<center>
<div class="h1">Info 114: Introduction to Data Science</div>
<div class="h1">Homework 3: from VI-ME-BA-BAR to POM</div>
</center>

# Part 3: Project selection
You will find below some code that was written to prepare the class.
We will go more in depth over these questions in later classes.
This is a "preview" to help you select your project.

Our problem seems rather complex. Non-linear methods perform best.
Unfortunately, these methods are hard to understand.
To make progress, we must try to visualize our data again.

In this worksheet, we use as example the data of `CS_data.csv`, after standardization.

## Setup: import code an load data

In [None]:
import os, re
from glob import glob as ls
from PIL import Image
import numpy as np
import matplotlib.pyplot as plt
%matplotlib inline
import pandas as pd
import seaborn as sns; sns.set()
from PIL import Image
%load_ext autoreload
%autoreload 2
import warnings
warnings.filterwarnings("ignore")

In [None]:
code_dir = './code'
from sys import path; path.append(code_dir); 
from utilities import *
from my_utilities import *

In [None]:
data_dir = './mini-dataset/'
data_df = standardize_df(pd.read_csv(data_dir + 'CS_data.csv'))

## Heatmap

Since it is very important to visualize data, we show below a heatmap of the data in which the lignes and columns have been re-arranged according to their resemblance. This is an "unsupervised learning" visualization method, so we omit the last column.

In [None]:
data_df.head()

In [None]:
df = data_df.iloc[:, :-1]
heatmap(df, 'average', 'single', 'euclidean', 'euclidean', 'coolwarm')

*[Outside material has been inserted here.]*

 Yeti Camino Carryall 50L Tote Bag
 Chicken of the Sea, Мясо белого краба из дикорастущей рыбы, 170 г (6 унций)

For comparison, we show what happens if we randomize completely the order of the values.

In [None]:
df2 = shuffle(df)
heatmap(df2, 'average', 'single', 'euclidean', 'euclidean', 'coolwarm')

## Correlation


We display the correlation matrix of `data_df`, following <a href="https://stackoverflow.com/questions/29432629/plot-correlation-matrix-using-pandas">this page</a>.

In [None]:
corr = data_df.corr()
corr.style.background_gradient(cmap='coolwarm')

We can also use the hierarchical clustering.

In [None]:
heatmap(corr, 'average', 'average', 'euclidean', 'euclidean', 'coolwarm', default_window_hight = 15, default_window_width = 15)

You can look for the most correlated or anti-correlated feature/variable.

In [None]:
np.fill_diagonal(corr.values, 0)
print('Most correlated: ' + corr.fruit.argmax())
print('Most anti-correlated: ' + corr.fruit.argmin())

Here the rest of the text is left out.